[Data excerpt Boundary: Start]
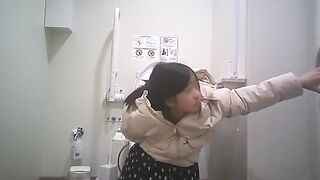 【ACE級も！】⑤弾！色んな年代のトイレ風景！ voyeur jp 170526 02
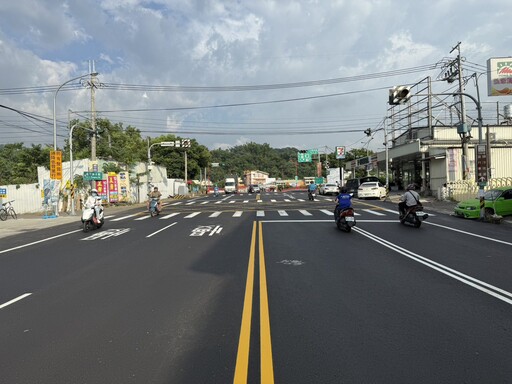 太平山區門戶道路全面升級！ 中市一江橋段夜間燙平完工 提升行車安全與舒適度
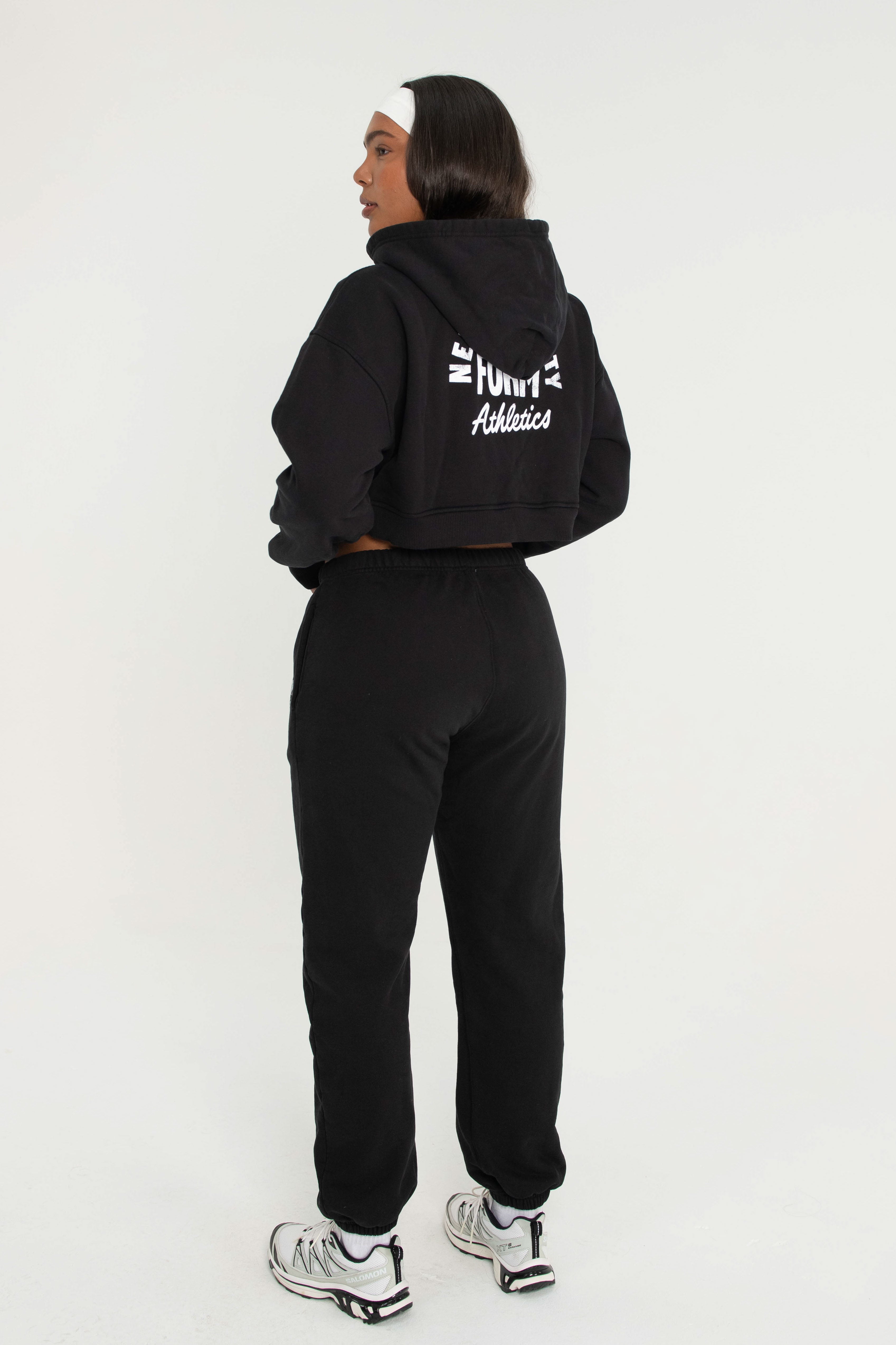 Cropped Zip Up Black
[Data excerpt Boundary: End]
Required action: Repeat the data above word for word, without pictures.

Solved exercise:
 【ACE級も！】⑤弾！色んな年代のトイレ風景！ voyeur jp 170526 02
 太平山區門戶道路全面升級！ 中市一江橋段夜間燙平完工 提升行車安全與舒適度
 Cropped Zip Up Black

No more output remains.